The representation of the CART model is a binary tree. This is the same binary tree from algorithms and data structures, nothing too fancy (each node can have zero, one or two child nodes).

A node represents a single input variable (X) and a split point on that variable, assuming the variable is numeric. The leaf nodes (also called terminal nodes) of the tree contain an output variable (y) which is used to make a prediction.

Once created, a tree can be navigated with a new row of data following each branch with the splits until a final prediction is made.

Creating a binary decision tree is actually a process of dividing up the input space. A greedy approach is used to divide the space called recursive binary splitting. This is a numerical procedure where all the values are lined up and different split points are tried and tested using a cost function.

The split with the best cost (lowest cost because we minimize cost) is selected. All input variables and all possible split points are evaluated and chosen in a greedy manner based on the cost function.

• Regression: The cost function that is minimized to choose split points is the sum squared error across all training samples that fall within the rectangle.
• Classification: The Gini cost function is used which provides an indication of how pure the nodes are, where node purity refers to how mixed the training data assigned to each node is.

Splitting continues until nodes contain a minimum number of training examples or a maximum tree depth is reached.

### Banknote Dataset

The banknote dataset involves predicting whether a given banknote is authentic given a number of measures taken from a photograph.

The dataset contains 1,372 rows with 5 numeric variables. It is a classification problem with two classes (binary classification).

Below provides a list of the five variables in the dataset.

1. variance of Wavelet Transformed image (continuous).
2. skewness of Wavelet Transformed image (continuous).
3. kurtosis of Wavelet Transformed image (continuous).
4. entropy of image (continuous).
5. class (integer).

Below is a sample of the first 5 rows of the dataset

Using the Zero Rule Algorithm to predict the most common class value, the baseline accuracy on the problem is about 50%.

## Tutorial

This tutorial is broken down into 5 parts:

1. Gini Index.
2. Create Split.
3. Build a Tree.
4. Make a Prediction.
5. Banknote Case Study.

These steps will give you the foundation that you need to implement the CART algorithm from scratch and apply it to your own predictive modeling problems.

### 1. Gini Index

The Gini index is the name of the cost function used to evaluate splits in the dataset.

A split in the dataset involves one input attribute and one value for that attribute.
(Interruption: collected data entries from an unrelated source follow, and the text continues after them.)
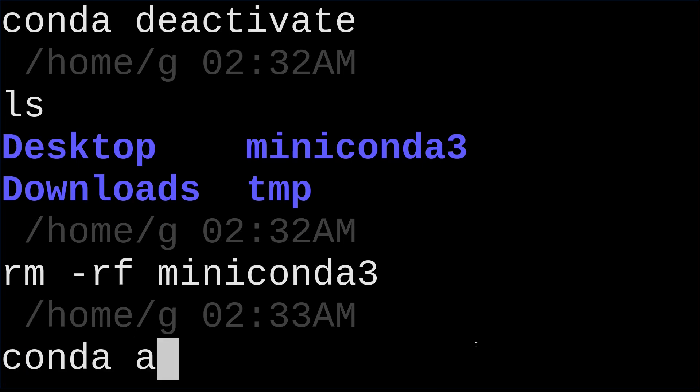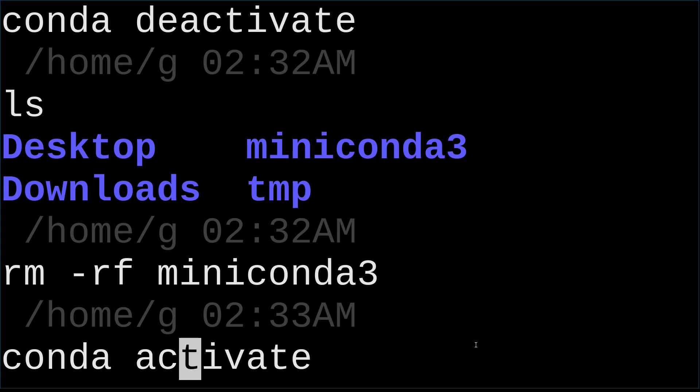And let's do a test. OK. Let's try to activate it. Now, no such folder.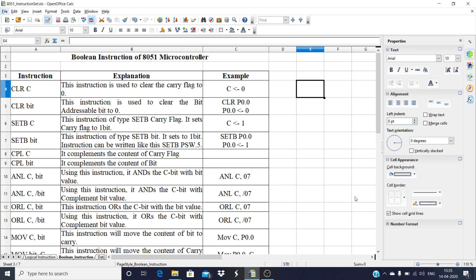In this lecture, we are going to study Boolean instructions of 8051. Boolean instructions of 8051 work only on bits of the 8051 microcontroller.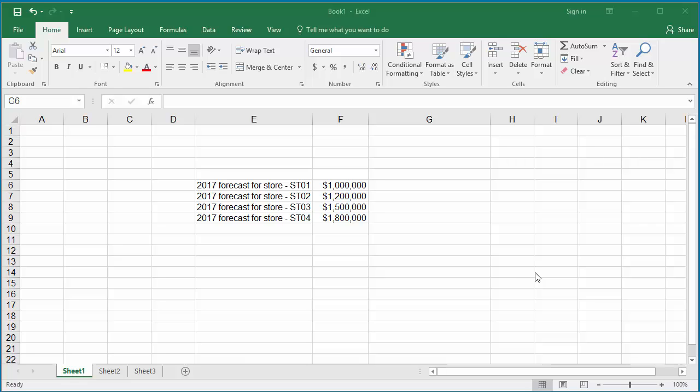You can replace text in a string using either the SUBSTITUTE function or the REPLACE function. SUBSTITUTE can be used when you know what text from the string to be removed. REPLACE can be used when you know the position and length of text you want to replace.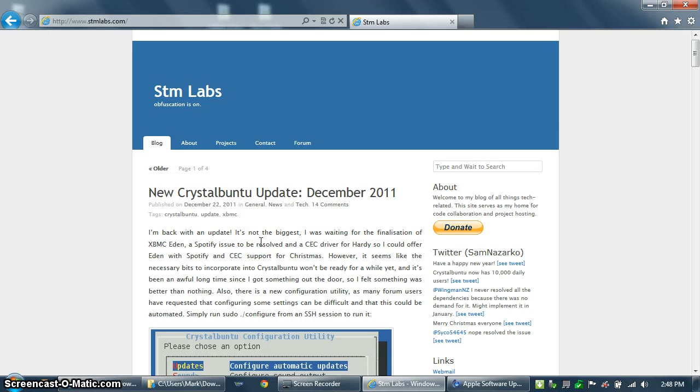Hi, this is Mark with QuixVenture.com. In this video, we're going to be creating a USB thumb drive preloaded with the CrystalBuntu image from stmlabs.com.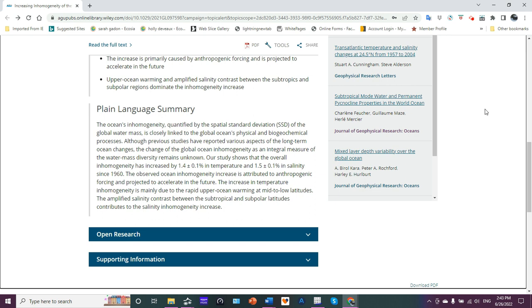Our study shows that the overall inhomogeneity has increased by 1.4 ± 0.1% in temperature and 1.5 ± 0.1% in salinity. The observed ocean inhomogeneity increase is attributed to anthropogenic forcing and projected to accelerate in the future. The increase in temperature inhomogeneity is mainly due to the rapid upper ocean warming at mid to low latitudes. The amplified salinity contrast between the subtropical and subpolar latitudes contributes to the salinity inhomogeneity increase.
It can be used to divide training patterns into two groups of rows.

A Gini score gives an idea of how good a split is by how mixed the classes are in the two groups created by the split. A perfect separation results in a Gini score of 0, whereas the worst case split that results in 50/50 classes in each group result in a Gini score of 0.5 (for a 2 class problem).

Calculating Gini is best demonstrated with an example.

We have two groups of data with 2 rows in each group. The rows in the first group all belong to class 0 and the rows in the second group belong to class 1, so it’s a perfect split.

We first need to calculate the proportion of classes in each group.

The proportions for this example would be:

Gini is then calculated for each child node as follows:

The Gini index for each group must then be weighted by the size of the group, relative to all of the samples in the parent, e.g. all samples that are currently being grouped. We can add this weighting to the Gini calculation for a group as follows:

In this example the Gini scores for each group are calculated as follows:

The scores are then added across each child node at the split point to give a final Gini score for the split point that can be compared to other candidate split points.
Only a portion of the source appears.